Though not in line with dictionary definitions of the term, modern writers often use it to connote vices only tangentially related to bribery or self-interest, such as cruelty, selfishness, and general dishonesty.

Context 
Venality in its mild form is a vice notable especially among those with government or military careers. For example, the Ancien Régime in France from the 1500s through the late 1700s, was notorious for the venality of many government officials. In these fields, one is ideally supposed to act with justice and honor and not accept bribes. That ensures that the organization is not susceptible to manipulation by self-interested parties.

In contrast to the previous interpretation, dishonesty is not specifically expressed in the literal meaning, but is often implied. The condition of failing to act justly is not a literal component of the word's meaning either. By definition, committing "venal" acts does not indicate "stealing" or "lying", but rather suggests a consensual arrangement, perhaps without conscience or regard for consequences, but is not synonymous with stealing. While bribery could be related, nepotism clearly has no literal similarity or correlation with venality. Though venality is generally used as a pejorative term, an individual or entity could be venal (or mercenary) and not be corrupt or unethical.

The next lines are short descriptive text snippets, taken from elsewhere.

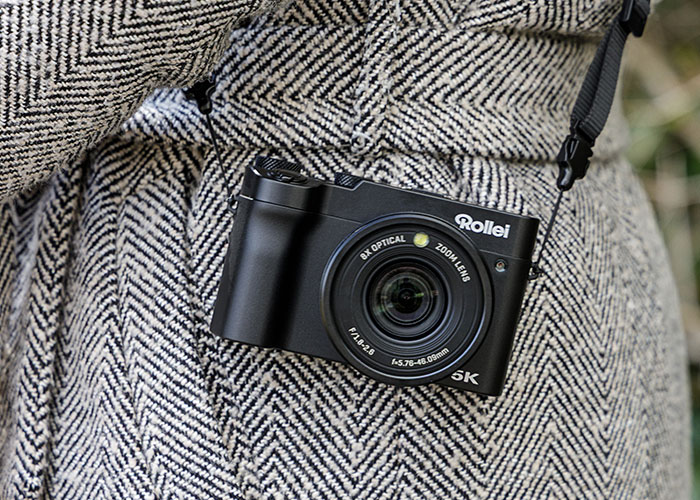 Rollei Powerflex X8 Dual Lens Kompaktkamera für Selfies und Vlogging im Einsatz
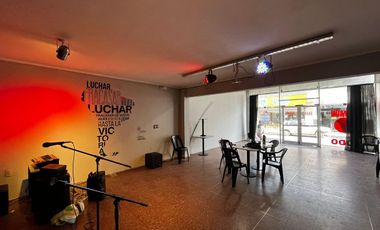 SE VENDE GRAN LOCAL EN EL CENTRO DE SANTA FE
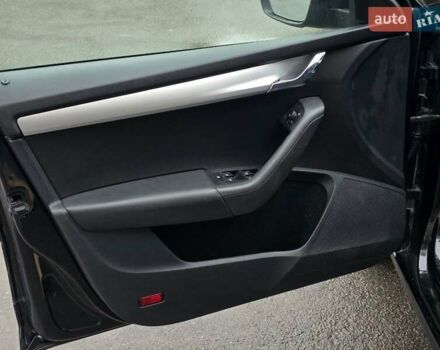 Чорний Шкода Октавія, об'ємом двигуна 2 л та пробігом 228 тис. км за 13999 $, фото 35 на Automoto.ua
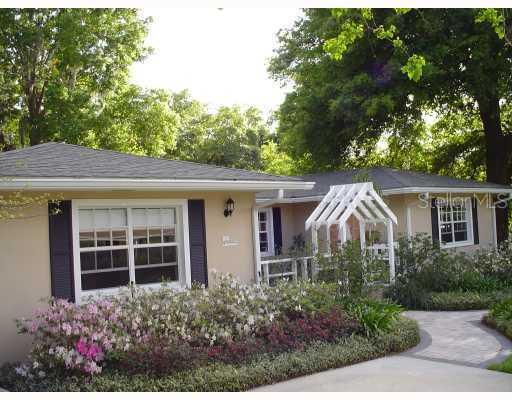 520 W 10th Ave., Mount Dora, FL 32757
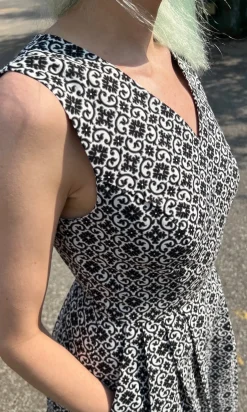 Wood Snipe Dress - Quatrefoil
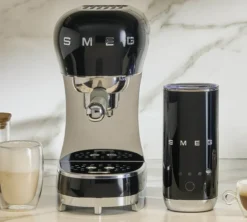 Machine expresso SMEG ECF00BLEU + Mousseur à lait MFF02BLEU Noire - ECF12BLEU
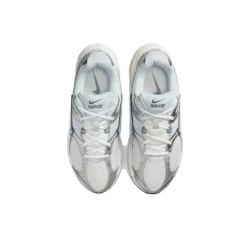 Женские кроссовки Nike V5 RNR 'Summit White Blue Tint' HQ7901-103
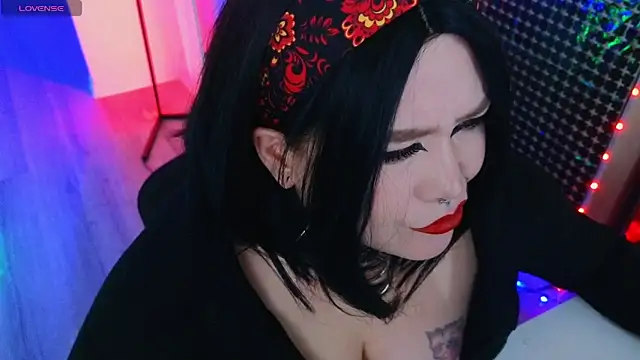 Snapshot of wickedxqueen chatting on 06/27/26, 12:55 wickedxqueen online show from 06/27/26, 12:55
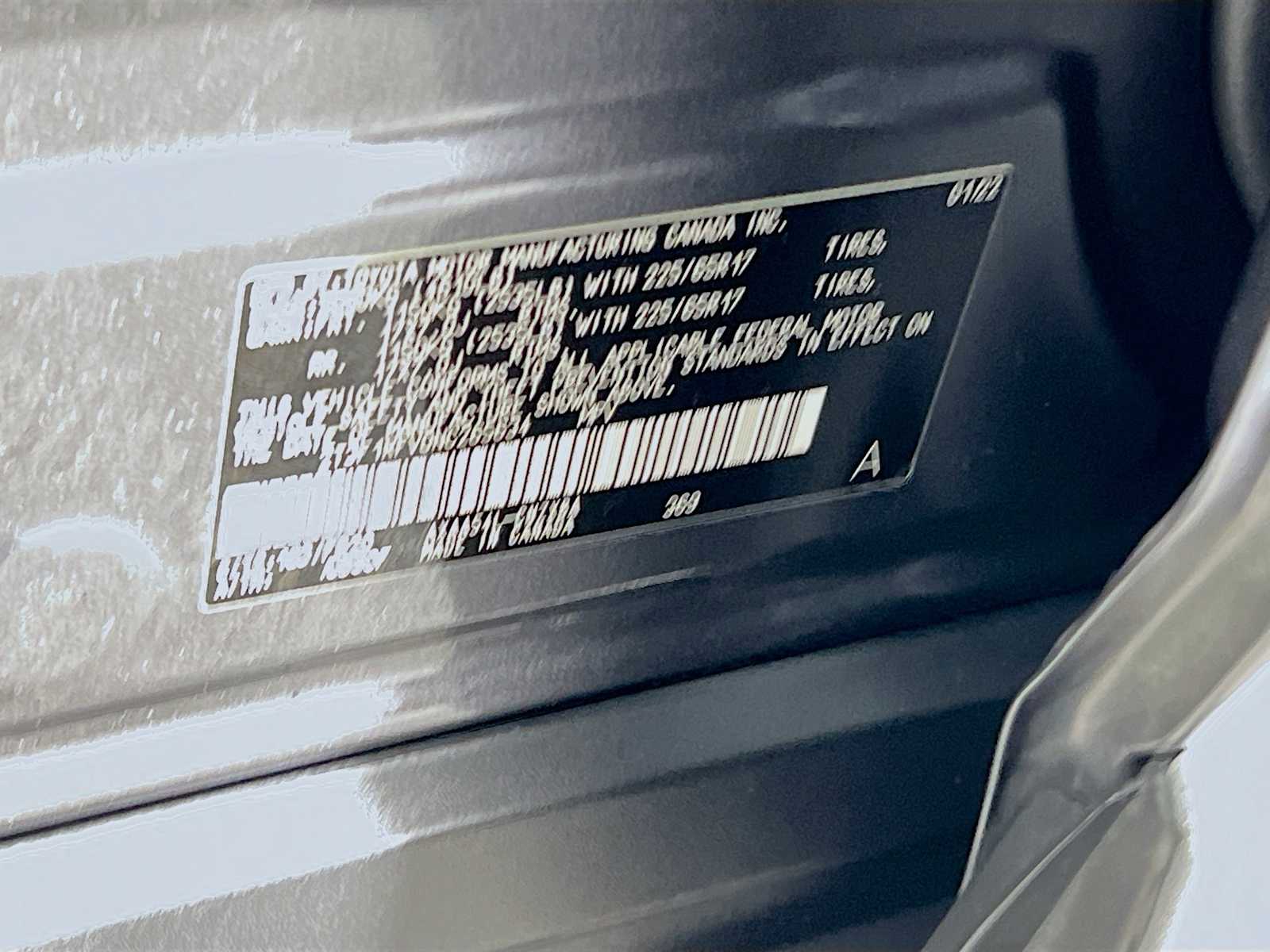 2022 Toyota RAV4 LE - Photo 30
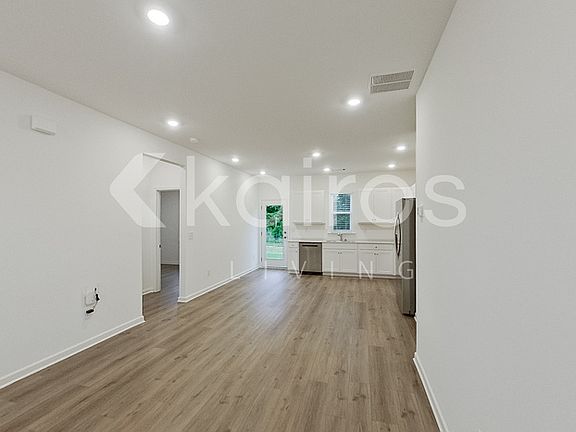 5th image of 122 Silver Maple Cir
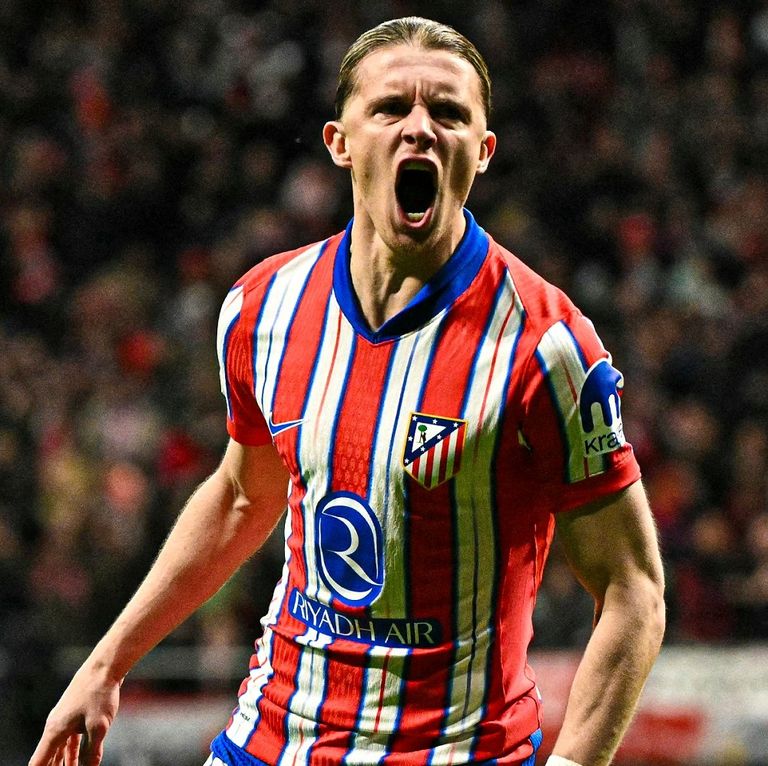 غالاغير في مباراة أتلتيكو مدريد وريال مدريد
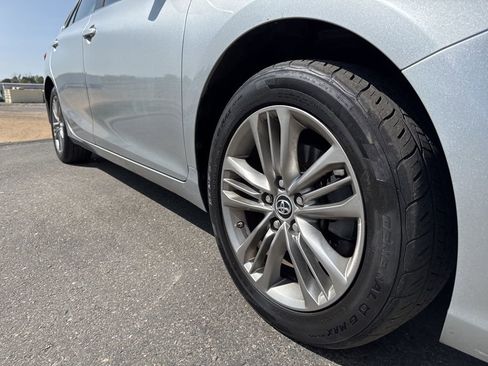 Used 2016 Toyota Camry SE image 7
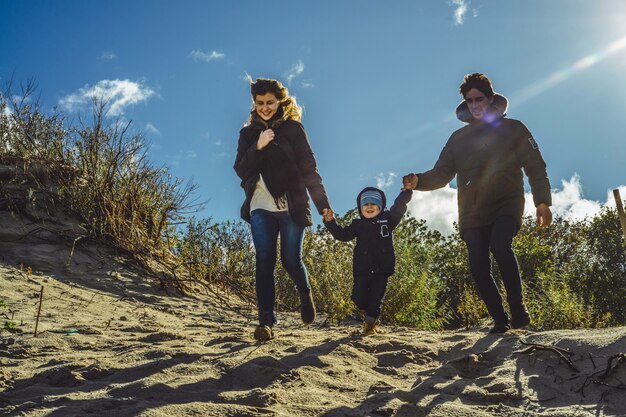 una giovane famiglia con bambini trascorre il fine settimana sulle rive del freddo Mar Baltico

One could perform one's duties or job in a perfunctory manner in order to collect a wage or payment, or prostitute one's time or skills for monetary or material gain, without necessarily being dishonest.

Much contemporary use of the words venal or venality is applied to modern professional athletes, particularly baseball, basketball, American football, and soccer players all around the world. The implication being that the highly paid players are essentially "hired guns" with no allegiance to any team or city, and are motivated solely by the acquisition of material wealth.

In revolution and other moral panics 

For people to accept settlements and legislation, the acts of the government must be seen as just. This perception enhances the legitimacy of the government. Venality is a term often used with reference to pre-revolutionary France, where it describes the then-widespread practice of selling administrative positions within the government to the highest bidder, especially regarding the Nobles of the Robe.

Thus, for example, venality was a charge for which, in part, Danton and others were executed during the Reign of Terror.